As for academia, Mr. Ed, as a person who wants to represent Missourians in Congress, should know about the role of academic technology transfer in fueling the prosperity of many of those entrepreneurial “producers” with whom his 24th state surrogate wants to identify the Tea Party “leadership.” Academic technology transfer is the process whereby academic research is spun-off into the private sector, and which, in 2008 alone, was responsible for the creation of 595 new companies and the introduction of 648 new commercial products – and that’s only the tip of the iceberg. So, you tell me, are academics also producers?

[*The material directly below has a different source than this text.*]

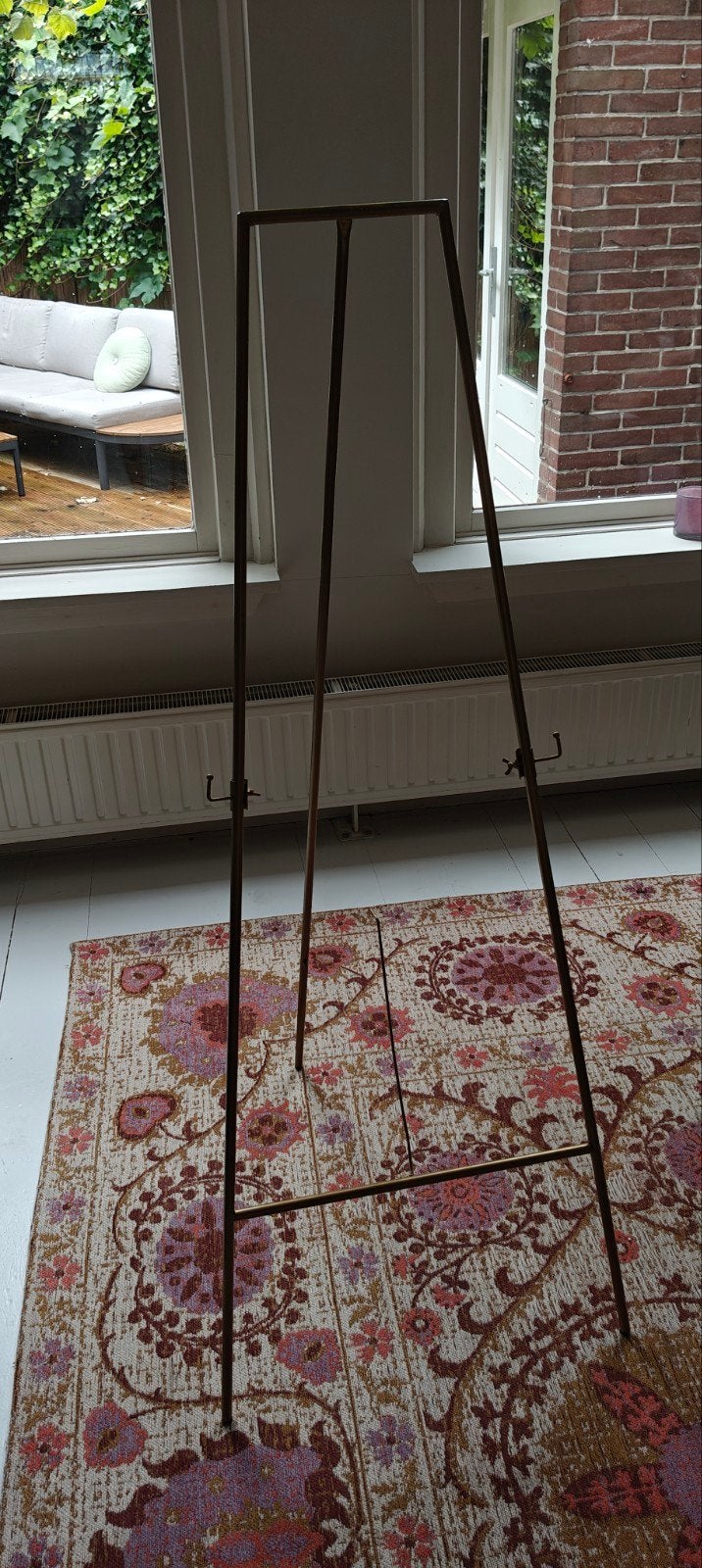 Welkomstbord Standaard, Ophalen, Gebruikt, Klassiek, Goud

I also wonder if Mr. Ed thinks that the folks who work in the jobs that he believes Tea Party “producers” produce are producers as well?  Certainly, if it weren’t for them, business men of all types would be up the creek. They’re one of the groups that Sarah Jo focused on, arguing persuasively that they’re also the individuals who lose in each iteration of the laissez-faire capitalism that Mr. Ed champions.

In a statement that I am sure leaves Mr. Ed all starry-eyed, the 24th Stater asserts, speaking of his cohort of choice, those Tea Party leaders who own or hope to own small businesses:

… none of us are the super rich.  Heck, none of us are the rich.  Some of us are downright poor, today, but we won’t be tomorrow.

Hate to be a downer here, but I’ve got some news for this aspiring Tea Party capo. If he gets his way in the next two elections, his future may not be as rosy as he hopes. Nothing more or less than the Bush economic policies of lower taxes and minimal regulation are on offer from the GOP and by extension, the Tea Party. And, in line with Sarah Jo’s post, during the Bush years, poverty levels increased in a steady trajectory from 11.7% to 12.5% in spite of the very modest economic growth his policies managed to create, prompting Ezra Klein to observe:

This was the first period since we began keeping records in which the economy expanded but poverty went up — usually, economic expansions bring the poverty rate down.It’s more evidence that the pre-crisis “normal” was an economy that wasn’t working very well for a lot of people, even when it was growing.

This is what rings Mr. Ed’s bells? Kinda make you wonder what type of rich he’s really cultivating, the wannabe rich or those “super-rich” GOPers who fork over all the lobbying money.